Ясно, что только часть этих противоречий может быть объяснена противоречивостью социальной позиции мелких аттических землевладельцев в годы Пелопоннесской войны. Другие противоречия аристофановской комедии проистекают из столкновения творческой индивидуальности поэта, воспитанного своим временем, с традиционными зрелищными формами, поступившими в его распоряжение.

Без вдохновенного вмешательства художника эти первоначальные формы остались бы на уровне примитивного фарса и ритуального «срамления». Но и без материала, предоставленного ему фольклорными жанрами, не обрел бы такого простора для своего выражения комический гений поэта. Творчество Аристофана достигает вершины художественного в постоянной борьбе и диалектическом единстве новаторства с традиционализмом, индивидуального начала с фольклорным. Стихией, в которой разыгрывается эта борьба, и одновременно материалом, обеспечивающим, несмотря на всю ее противоречивость, единство аристофановской комедии, является ее язык, впитавший в себя самые разнообразные потоки речи; фольклорную обрядовую лирику и протокольные формулы декретов, возвышенность трагических хоров и непритязательность повседневной болтовни, торжественность пророчеств и подражание щебету птиц или лягушечьему кваканью. Найти меру каждого из этих элементов и создать из мельчайшей мозаики цельную картину дано было только Аристофану. В древности недаром говорили, что музы в поисках храма, не подверженного губительной силе времени, остановили свой выбор на душе нашего поэта.

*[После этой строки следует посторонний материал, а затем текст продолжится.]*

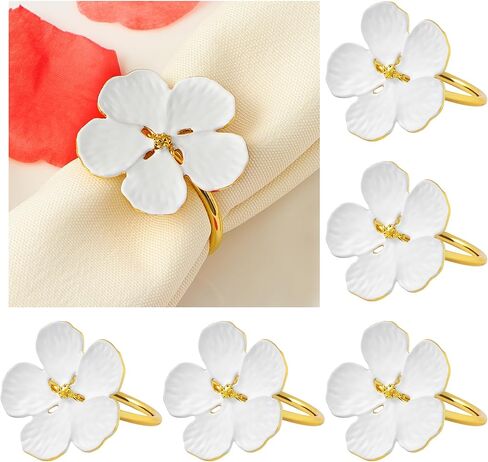 مجموعة حلقات مناديل زهرة الربيع من APTWOW مكونة من 6 - حامل مناديل معدنية زهرية بيضاء وذهبية، حلقات مناديل المزرعة لعيد الفصح وحفلات الزفاف وأعياد الميلاد وديكور طاولة الربيع in Kuwait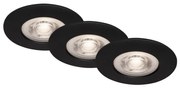 Briloner - ZESTAW 3x LED Łazienkowa oprawa wpuszczana LED/4,9W/230V IP44 czarna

Исследователи античной культуры, философы и литературоведы давно спорят о том, чем интересны для современного читателя древнегреческие поэты и писатели: своим отличием от художников нового времени или своей схожестью с ними? Одни полагают, что уже в эпических поэмах Гомера можно найти глубину психологической характеристики, мало чем отличающуюся от искусства Льва Толстого, и видят в Еврипиде прямого предшественника Ибсена. Другие, напротив, стараясь выявить специфику античного общественного и художественного мышления, настаивают на ее неповторимости, «невоспроизводимости» в сознании человека нового времени. Изучение комедийного театра Аристофана показывает непригодность односторонних формул и опасность абсолютизации даже самых верных исходных точек зрения.

В истории европейской культуры форма древней аттической комедии осталась воистину неповторимым явлением, хотя многие приемы комедийного обобщения многократно использовались в новое время и с вполне сознательным усвоением опыта Аристофана (Эразм Роттердамский, Рабле, Расин, Гейне, Ромен Роллан), и, вероятно, без осознанной ориентации на его достижения (Салтыков-Щедрин, Маяковский, Брехт). Но и независимо от близости или различия эстетических принципов и художественных приемов благородство целей Аристофана и беспощадную остроту обличения, присущую его комедиям, признавали Фильдинг и Дидро, Герцен и Гоголь, Добролюбов и Луначарский. Всепобеждающую силу придает смеху Аристофана любовь к человеку, имеющему право наслаждаться всем, что даровано ему природой, и ненависть к власть и богатство имущим, готовым ради своей выгоды ввергать народы в пучину обмана и целые страны - в пожар войны. И эти чувства древнего поэта не могут устареть и не устарели почти за две с половиной тысячи лет, отделяющие наше время от времени Аристофана.